By default, the optimizer will use 4 threads. If you have a big machine, consider increasing this with the `--threads`

option.

The optimizer will output a table, with each row representing an RMI configuration. By default, the optimizer selects a small set of possible configurations that are heuristically selected to cover the Pareto front. Each column contains:

`Models`

: the model types used at each level of the RMI`Branch`

: the branching factor of the RMI (number of leaf models)`AvgLg2`

: the average log2 error of the model (which approximates the number of binary search steps required to find a particular key within a range predicted by the RMI)`MaxLg2`

: the maximum log2 error of the model (the maximum number of binary search steps required to find any key within the range predicted by the RMI)`Size (b)`

: the in-memory size of the RMI, in bytes.

## Citation and license

If you use this RMI implementation in your academic research, please cite the CDFShop paper:

Ryan Marcus, Emily Zhang, and Tim Kraska. 2020. CDFShop: Exploring and Optimizing Learned Index Structures. In Proceedings of the 2020 ACM SIGMOD International Conference on Management of Data (SIGMOD '20). Association for Computing Machinery, New York, NY, USA, 2789–2792. DOI:https://doi.org/10.1145/3318464.3384706

If you are comparing a new index structure to learned approaches, or evaluating a new learned approach, please take a look at our [benchmark for learned index structures](https://learned.systems/sosd.

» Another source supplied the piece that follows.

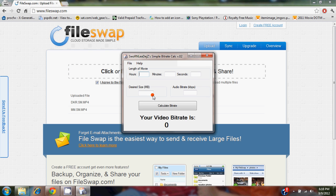Basically what you do is you plug in the length of the movie right up here, the desired size in megabytes that you want, the audio bitrate that you're going to use when you're encoding, and then you hit the calculate button.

For RMIs and learned index structures in general, one should cite the original paper:

Tim Kraska, Alex Beutel, Ed H. Chi, Jeffrey Dean, and Neoklis Polyzotis. 2018. The Case for Learned Index Structures. In Proceedings of the 2018 International Conference on Management of Data (SIGMOD '18). Association for Computing Machinery, New York, NY, USA, 489–504. DOI:https://doi.org/10.1145/3183713.3196909

This work is freely available under the terms of the MIT license.